I’m off to the Buyer’s Market of American Craft today, but I’ve got a great guest post to share from Eleanor Mayrhofer of e. m. papers. When Eleanor mentioned in The Creative Empire forums that after raising her prices she sold MORE product, I immediately asked her to share the story with CMBA readers. If you’ve been wavering when it comes to raising prices, I hope Eleanor’s story gives you the confidence you need to just do it! Thanks, Eleanor!
In the fall of last year I decided to raise prices on my flagship products, printable wedding invitation kit templates. As an entrepreneur, it was one of the scariest things I’ve done in my business yet. Here’s a rundown of the why, what and consequences of my decision.
1. The market started to validate what I had to offer – When I launched my products, I wasn’t sure if people were really going to go for form-based printable wedding invitations. After offering a free black and white version of one of my kits that almost crashed our site last April, and then hitting the four-figure revenue mark in July, I realized there was a market for what I was offering.
2. Market feedback and more research revealed that my pricing was too low – I had done some initial research to get a ball-park idea of what the market would bear, but after awhile I realized that I was pricing to low. I noticed that the blogs that reviewed my products kept mentioning how ‘outrageously affordable’ they were, which was ok. Part of my value-proposition is that DIY printable templates are a more affordable option for wedding stationery. It surprised me though. Like many new indie-business owners, I half-expected to hear ‘She’s charging how much for her stuff?! What nerve!’ But once I took a closer look, I noticed small-business competitors that I admired were offering similar products and services at much higher prices. It occurred to me that low pricing just creates a race to the bottom for a lot of female-owned indie businesses, and I didn’t want to contribute to that. I didn’t want to undercut my competition! Ultimately I feel a sense of solidarity with other indie businesses and believe there is enough work for everyone.
3. The thought of losing up to 19% of my profits forced me to make a decision – I’m in the process of scaling my business into the European market. That means I will have to charge a whopping 19% value added tax on all of my products. Since this tax is built into the display price of items, I would have to price my items at least that much higher, so that taxes wouldn’t completely eat away my profits. I also wanted to sell my items on other online marketplaces so, to avoid an administration nightmare (updating prices on a zillion different platforms) I realized I had to just make a decision and execute on it.

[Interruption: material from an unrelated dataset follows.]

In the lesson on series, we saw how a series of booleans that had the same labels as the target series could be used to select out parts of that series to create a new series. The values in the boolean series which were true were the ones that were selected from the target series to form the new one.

1. I applied what I learned in my professional career – I figured out how much income I need and I determined what a fair hourly rate is considering my skill and experience. I also ran some basic business calculations: realistically projecting sales, profit margins, taxes, business expenses, and in my case – the impact of exchange rates between the Dollar and the Euro. Finally, I applied the best advice I ever got when negotiating for a salary: You should feel uncomfortable about how much you’re asking for.

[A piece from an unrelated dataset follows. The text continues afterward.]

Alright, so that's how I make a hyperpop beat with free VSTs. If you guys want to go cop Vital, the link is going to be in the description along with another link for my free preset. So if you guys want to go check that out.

2. I priced on value – I took a look at the product ecosystem in my niche to help determine what a fair price is for what my customer receives. I considered the external cost and effort the customer contributes (paper costs and time) as well as the benefits (ability to produce as many invites as desired, ‘one-stop-shop’ bundling of all wedding paper goods, the uniqueness and quality of my visual designs)

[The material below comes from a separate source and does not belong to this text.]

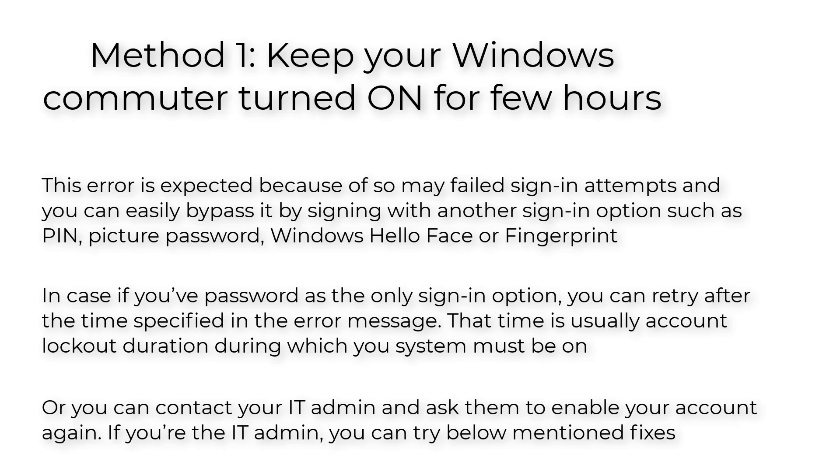Or you can contact your IT admin and ask them to enable your account again. If you're the IT admin, you can try below mentioned fixes.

3. I refined my price points and customization pricing – I developed three packages at different price points with customization options. I’m still perfecting this, but the exercise alone helped me clarify how to price my products and define a sensible pricing structure for custom work.
4. I just did it – Then I took a deep breath and just ‘flipped the switch’, changing all the prices in the back-end of my E-commerce platform and Etsy shop. I didn’t send a mail out to my mailing list or blog about it, or in any other way make an ‘announcement’. Then, I went to bed and promptly had an insomnia – mental hamster wheel freak-out.
Despite my internal freak out, my business did not come to a screeching halt, in fact just the opposite happened. January has been my biggest month ever. I made more revenue in the first week of January then I did in all of July, 2010 which had previously been my highest grossing month. And after all of this, last week I discovered my products had been blogged about by a photographer who described them as the ‘most affordable wedding paper goods I’ve seen’! So I’m sure this won’t be the last time I go through this process.